# What is being asked:
Keep the images out and copy every entry below exactly.

══ Supplied data

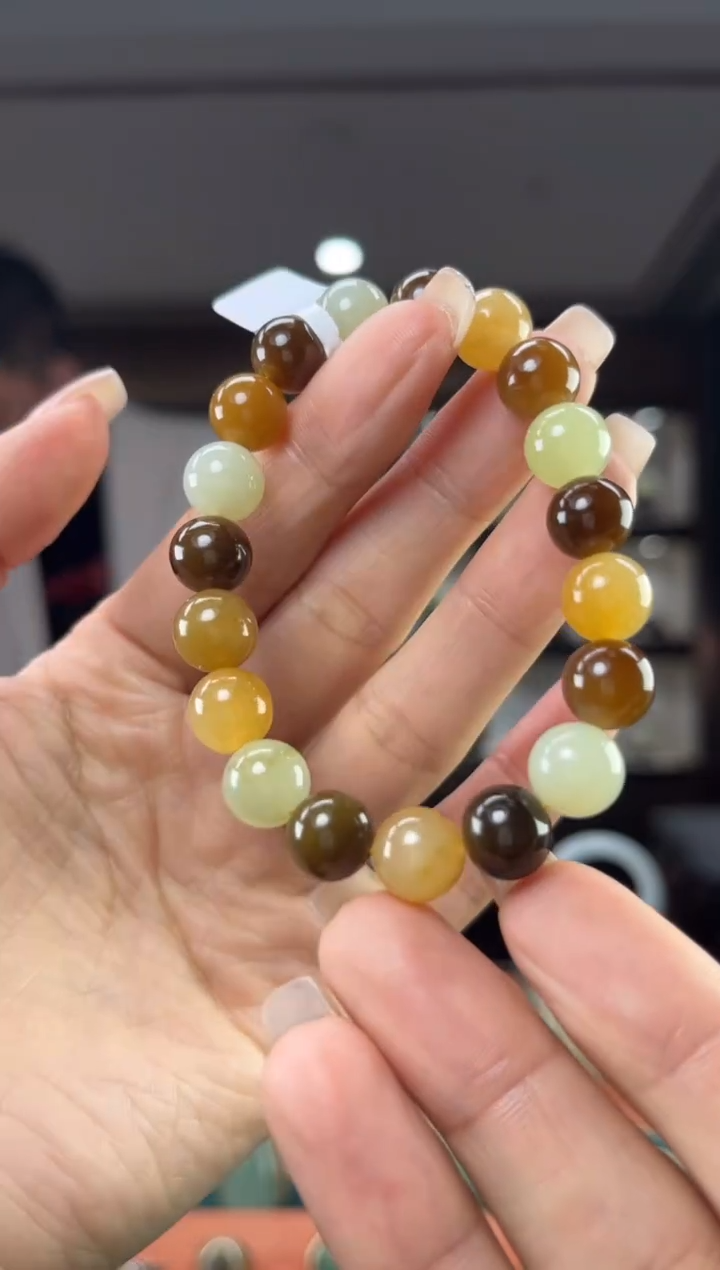 颈饰未镶嵌和田玉佩佩10mm左右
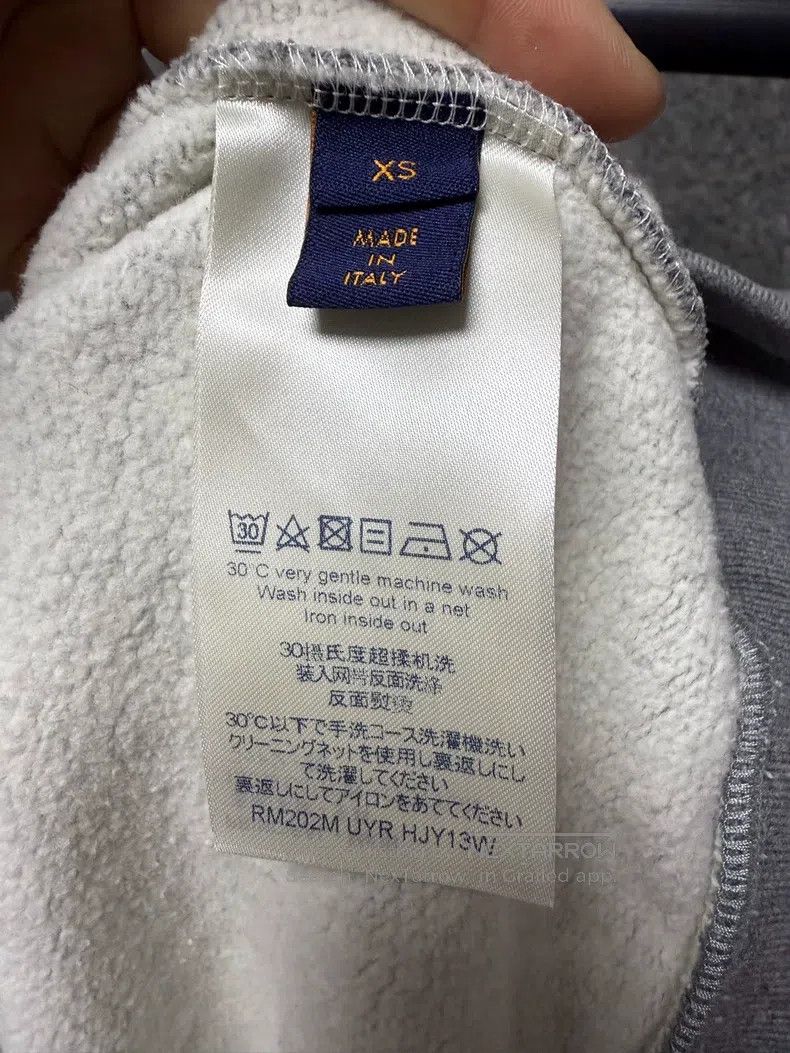 Louis Vuitton Louis Vuitton Gray letter sweatshirt Size US XS / EU 42 / 0 - 3 Thumbnail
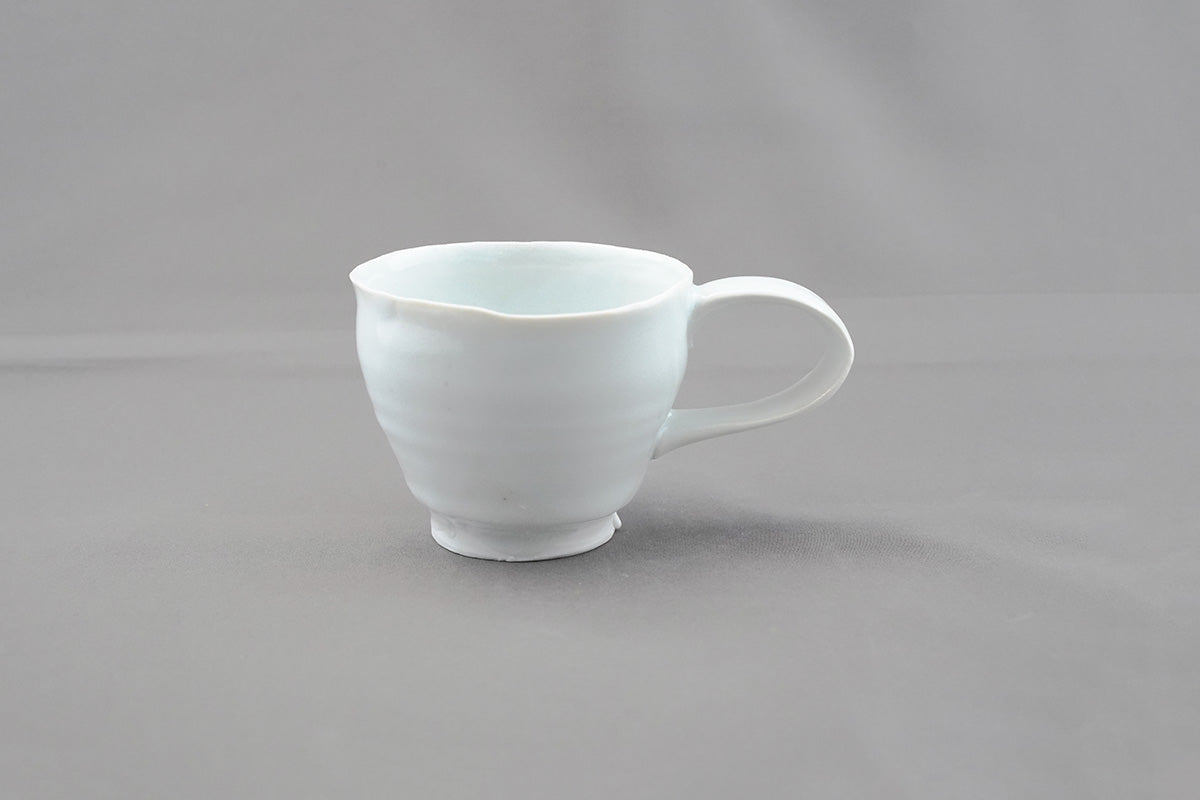 001 cup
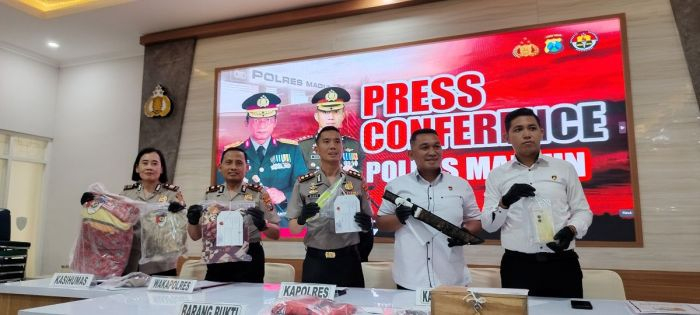 Kapolres Madiun beserta jajaran saat menunjukkan barang bukti dalam konferensi pers ungkap kasus pembunuhan wanita di Saradan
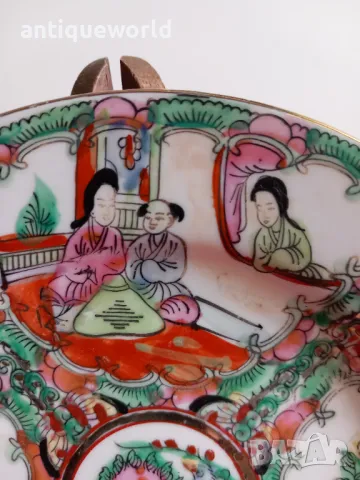 Стара КИТАЙСКА Чиния Маркирана , Family Rose, снимка 2 - Антикварни и старинни предмети - 49957817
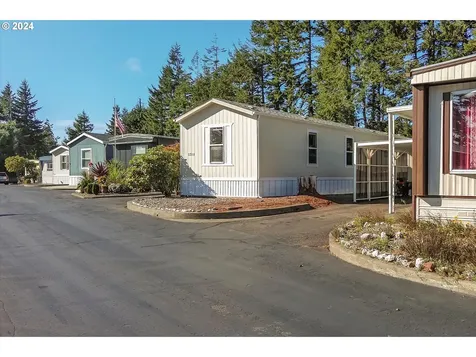 3310 Sandpiper Drive Coos Bay OR 97420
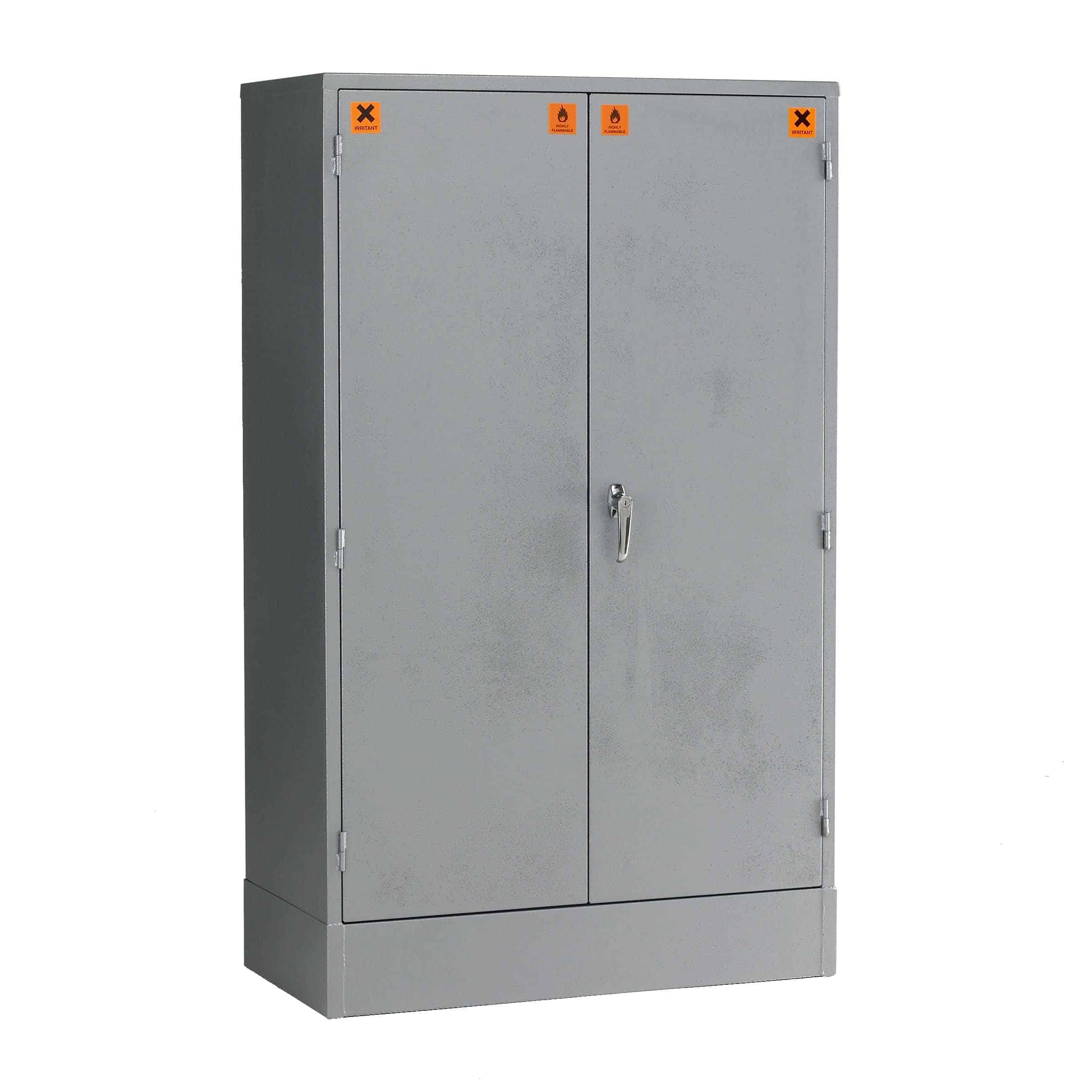 SU07C COSHH Storage Cabinets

════

# Response to the exercise:
 颈饰未镶嵌和田玉佩佩10mm左右
 Louis Vuitton Louis Vuitton Gray letter sweatshirt Size US XS / EU 42 / 0 - 3 Thumbnail
 001 cup
 Kapolres Madiun beserta jajaran saat menunjukkan barang bukti dalam konferensi pers ungkap kasus pembunuhan wanita di Saradan
 Стара КИТАЙСКА Чиния Маркирана , Family Rose, снимка 2 - Антикварни и старинни предмети - 49957817
 3310 Sandpiper Drive Coos Bay OR 97420
 SU07C COSHH Storage Cabinets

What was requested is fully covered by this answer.